Jurors also found that Apple violated a Samsung patent and said Apple should pay its rival $158,400 in damages.

The outcome is sharply different from a 2012 patent trial in the same court. Unlike the previous case in which Apple was a clear winner, this time Samsung prevailed in many areas.

Apple's legal team had urged jurors to order the South Korean electronics giant to pay more than $2 billion in damages for flagrantly copying iPhone features.

Samsung lawyers maintained that the legal onslaught emerged from a "holy war" Apple declared on Google-made Android software used to power smartphones.

In August 2012, a separate jury in the same court decided that Samsung should pay Apple $1.049 billion in damages for illegally copying iPhone and iPad features, in one of the biggest patent cases in decades.

The damage award was later trimmed to $929 million and is being appealed.

The final touches put on the damages award on Monday ended a patent trial that began in early April before Koh.

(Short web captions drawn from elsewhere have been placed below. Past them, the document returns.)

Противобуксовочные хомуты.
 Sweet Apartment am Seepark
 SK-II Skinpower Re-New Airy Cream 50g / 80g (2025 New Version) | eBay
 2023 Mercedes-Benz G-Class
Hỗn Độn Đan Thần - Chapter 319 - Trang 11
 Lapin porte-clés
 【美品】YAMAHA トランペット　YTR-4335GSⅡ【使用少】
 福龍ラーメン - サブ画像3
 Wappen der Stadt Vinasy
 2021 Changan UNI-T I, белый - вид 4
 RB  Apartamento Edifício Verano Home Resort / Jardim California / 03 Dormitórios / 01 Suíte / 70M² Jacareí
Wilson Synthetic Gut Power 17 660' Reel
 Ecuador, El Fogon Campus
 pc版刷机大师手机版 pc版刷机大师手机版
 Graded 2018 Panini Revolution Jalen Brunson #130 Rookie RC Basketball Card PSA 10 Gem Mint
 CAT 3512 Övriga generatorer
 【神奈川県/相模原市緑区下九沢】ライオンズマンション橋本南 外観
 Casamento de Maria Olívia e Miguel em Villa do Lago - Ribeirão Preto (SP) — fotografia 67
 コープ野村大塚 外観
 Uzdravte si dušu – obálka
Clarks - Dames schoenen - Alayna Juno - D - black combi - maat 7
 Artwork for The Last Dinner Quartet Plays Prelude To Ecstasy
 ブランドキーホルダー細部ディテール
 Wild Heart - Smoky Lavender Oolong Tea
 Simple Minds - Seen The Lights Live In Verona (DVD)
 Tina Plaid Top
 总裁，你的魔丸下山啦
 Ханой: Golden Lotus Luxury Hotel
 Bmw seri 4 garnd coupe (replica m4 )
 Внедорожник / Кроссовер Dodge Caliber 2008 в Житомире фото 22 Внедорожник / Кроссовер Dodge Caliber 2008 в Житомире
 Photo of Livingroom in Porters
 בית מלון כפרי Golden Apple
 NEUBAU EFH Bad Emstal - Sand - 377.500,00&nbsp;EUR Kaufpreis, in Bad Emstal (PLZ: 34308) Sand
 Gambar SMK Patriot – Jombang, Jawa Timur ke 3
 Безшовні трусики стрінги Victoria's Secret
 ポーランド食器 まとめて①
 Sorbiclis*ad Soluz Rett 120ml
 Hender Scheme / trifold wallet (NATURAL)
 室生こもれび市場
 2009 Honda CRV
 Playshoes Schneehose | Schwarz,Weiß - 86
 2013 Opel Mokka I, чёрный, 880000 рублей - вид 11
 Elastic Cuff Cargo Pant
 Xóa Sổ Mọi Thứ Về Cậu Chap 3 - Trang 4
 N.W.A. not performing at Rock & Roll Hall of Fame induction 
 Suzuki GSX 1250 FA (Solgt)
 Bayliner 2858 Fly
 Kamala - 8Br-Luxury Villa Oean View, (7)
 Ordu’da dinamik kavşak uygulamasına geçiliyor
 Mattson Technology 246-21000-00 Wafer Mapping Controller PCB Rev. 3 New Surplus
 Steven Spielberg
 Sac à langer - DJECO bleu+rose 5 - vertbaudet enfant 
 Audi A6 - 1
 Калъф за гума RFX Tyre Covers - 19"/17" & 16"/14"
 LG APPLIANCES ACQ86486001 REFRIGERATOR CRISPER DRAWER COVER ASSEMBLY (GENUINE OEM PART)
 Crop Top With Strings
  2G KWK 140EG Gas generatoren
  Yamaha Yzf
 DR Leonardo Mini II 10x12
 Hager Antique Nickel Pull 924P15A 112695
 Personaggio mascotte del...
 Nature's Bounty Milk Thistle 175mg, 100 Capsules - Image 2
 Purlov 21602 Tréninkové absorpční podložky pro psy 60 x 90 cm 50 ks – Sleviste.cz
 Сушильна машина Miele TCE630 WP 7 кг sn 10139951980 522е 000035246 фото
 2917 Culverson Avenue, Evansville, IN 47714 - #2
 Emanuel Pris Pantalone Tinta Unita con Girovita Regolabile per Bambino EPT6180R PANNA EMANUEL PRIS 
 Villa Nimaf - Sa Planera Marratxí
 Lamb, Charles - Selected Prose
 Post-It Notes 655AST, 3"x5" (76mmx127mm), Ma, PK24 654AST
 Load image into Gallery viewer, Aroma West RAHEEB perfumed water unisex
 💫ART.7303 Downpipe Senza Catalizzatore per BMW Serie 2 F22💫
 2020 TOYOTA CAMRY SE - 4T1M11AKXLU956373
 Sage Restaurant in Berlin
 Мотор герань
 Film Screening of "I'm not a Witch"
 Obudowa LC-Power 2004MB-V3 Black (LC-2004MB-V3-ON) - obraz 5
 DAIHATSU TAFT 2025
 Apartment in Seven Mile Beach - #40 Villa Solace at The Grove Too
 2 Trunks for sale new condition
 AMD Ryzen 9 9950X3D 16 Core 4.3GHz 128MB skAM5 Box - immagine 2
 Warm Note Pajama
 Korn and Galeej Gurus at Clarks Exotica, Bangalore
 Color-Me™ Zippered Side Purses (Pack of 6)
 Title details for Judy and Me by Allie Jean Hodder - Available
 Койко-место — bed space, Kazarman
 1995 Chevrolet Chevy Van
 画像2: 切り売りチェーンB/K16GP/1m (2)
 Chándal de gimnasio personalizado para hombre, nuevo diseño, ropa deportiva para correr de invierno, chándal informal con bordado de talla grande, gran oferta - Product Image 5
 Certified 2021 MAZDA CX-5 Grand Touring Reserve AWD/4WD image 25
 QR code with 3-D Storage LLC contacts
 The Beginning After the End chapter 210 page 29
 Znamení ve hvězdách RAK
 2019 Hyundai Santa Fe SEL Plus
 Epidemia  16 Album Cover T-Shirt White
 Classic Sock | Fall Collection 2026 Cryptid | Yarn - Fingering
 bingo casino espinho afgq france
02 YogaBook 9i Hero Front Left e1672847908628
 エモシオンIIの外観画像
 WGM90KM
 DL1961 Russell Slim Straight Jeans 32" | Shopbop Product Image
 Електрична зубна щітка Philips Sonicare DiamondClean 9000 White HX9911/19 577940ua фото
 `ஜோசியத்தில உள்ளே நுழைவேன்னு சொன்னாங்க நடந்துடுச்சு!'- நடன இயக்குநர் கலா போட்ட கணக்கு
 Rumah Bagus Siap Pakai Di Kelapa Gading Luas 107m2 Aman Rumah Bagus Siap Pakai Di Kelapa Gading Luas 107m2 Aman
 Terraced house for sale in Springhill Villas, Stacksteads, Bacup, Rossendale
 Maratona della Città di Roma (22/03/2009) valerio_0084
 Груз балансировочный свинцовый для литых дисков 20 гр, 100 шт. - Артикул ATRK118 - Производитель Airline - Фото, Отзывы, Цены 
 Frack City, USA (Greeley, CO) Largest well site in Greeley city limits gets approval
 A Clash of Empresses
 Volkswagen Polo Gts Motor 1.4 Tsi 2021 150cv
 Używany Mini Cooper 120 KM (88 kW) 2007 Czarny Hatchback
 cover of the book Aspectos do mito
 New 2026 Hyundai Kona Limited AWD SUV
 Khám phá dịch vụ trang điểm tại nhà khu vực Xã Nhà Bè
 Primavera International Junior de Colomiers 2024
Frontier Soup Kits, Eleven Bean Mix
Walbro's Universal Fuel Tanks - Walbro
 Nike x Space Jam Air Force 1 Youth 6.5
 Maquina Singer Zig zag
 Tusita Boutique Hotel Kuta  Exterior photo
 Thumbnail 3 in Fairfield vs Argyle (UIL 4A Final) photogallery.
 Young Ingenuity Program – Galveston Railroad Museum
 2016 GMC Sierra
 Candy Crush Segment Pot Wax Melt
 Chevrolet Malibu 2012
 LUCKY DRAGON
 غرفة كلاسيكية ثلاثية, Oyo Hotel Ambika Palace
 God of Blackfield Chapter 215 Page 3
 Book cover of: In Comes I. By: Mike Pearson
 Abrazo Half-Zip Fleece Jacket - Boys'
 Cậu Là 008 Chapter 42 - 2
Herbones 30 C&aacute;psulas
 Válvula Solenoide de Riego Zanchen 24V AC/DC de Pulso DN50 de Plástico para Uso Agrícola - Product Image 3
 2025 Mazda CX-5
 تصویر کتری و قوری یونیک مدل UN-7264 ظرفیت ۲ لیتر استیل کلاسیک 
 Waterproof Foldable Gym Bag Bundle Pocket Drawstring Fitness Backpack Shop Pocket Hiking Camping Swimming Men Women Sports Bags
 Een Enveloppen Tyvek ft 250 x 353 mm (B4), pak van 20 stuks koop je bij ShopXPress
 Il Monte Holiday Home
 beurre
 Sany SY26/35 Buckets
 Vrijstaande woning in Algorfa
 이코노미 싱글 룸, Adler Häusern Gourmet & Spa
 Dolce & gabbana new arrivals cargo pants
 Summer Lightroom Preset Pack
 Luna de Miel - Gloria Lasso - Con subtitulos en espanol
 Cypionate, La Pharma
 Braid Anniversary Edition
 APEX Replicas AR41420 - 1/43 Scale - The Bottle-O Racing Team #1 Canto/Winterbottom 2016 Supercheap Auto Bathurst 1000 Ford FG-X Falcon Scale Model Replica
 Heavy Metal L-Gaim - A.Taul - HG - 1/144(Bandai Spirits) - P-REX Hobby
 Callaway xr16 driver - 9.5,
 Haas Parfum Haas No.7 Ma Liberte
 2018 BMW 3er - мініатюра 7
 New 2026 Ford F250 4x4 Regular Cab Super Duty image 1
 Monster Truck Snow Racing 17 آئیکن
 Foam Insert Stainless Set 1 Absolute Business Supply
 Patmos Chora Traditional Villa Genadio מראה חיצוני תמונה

Patents at issue in the case involve unlocking touchscreens with slide gestures, automatically correcting words being typed, retrieving data sought by users and performing actions on found data such as making a call after coming up with a phone number.

Samsung devices targeted by Apple include more than half a dozen smartphones from the Galaxy line, along with the Galaxy 2 tablet.

In a statement released Friday to US media, Apple portrayed the verdict as a victory that "reinforces what courts around the world have already found: that Samsung wilfully stole our ideas and copied our products."

Samsung, in a countermove at trial, accused Apple of infringing on patents related to transmitting digital video and storing digital images.

Many analysts said the verdict was a victory of sorts for Samsung, which has become the world's largest seller of smartphones during the litigation with Apple.

The verdict also appeared to be positive for Google, which was not a party in the case but was billed by Samsung attorneys as Apple's main target.

Samsung's legal team had stressed during trial that Google built the Android mobile operating software that was accused of violating Apple patents.

Google engineers were among witnesses called to testify as Samsung lawyers portrayed the case as an attack on Android, which has become a formidable rival for the software powering Apple smartphones and tablets.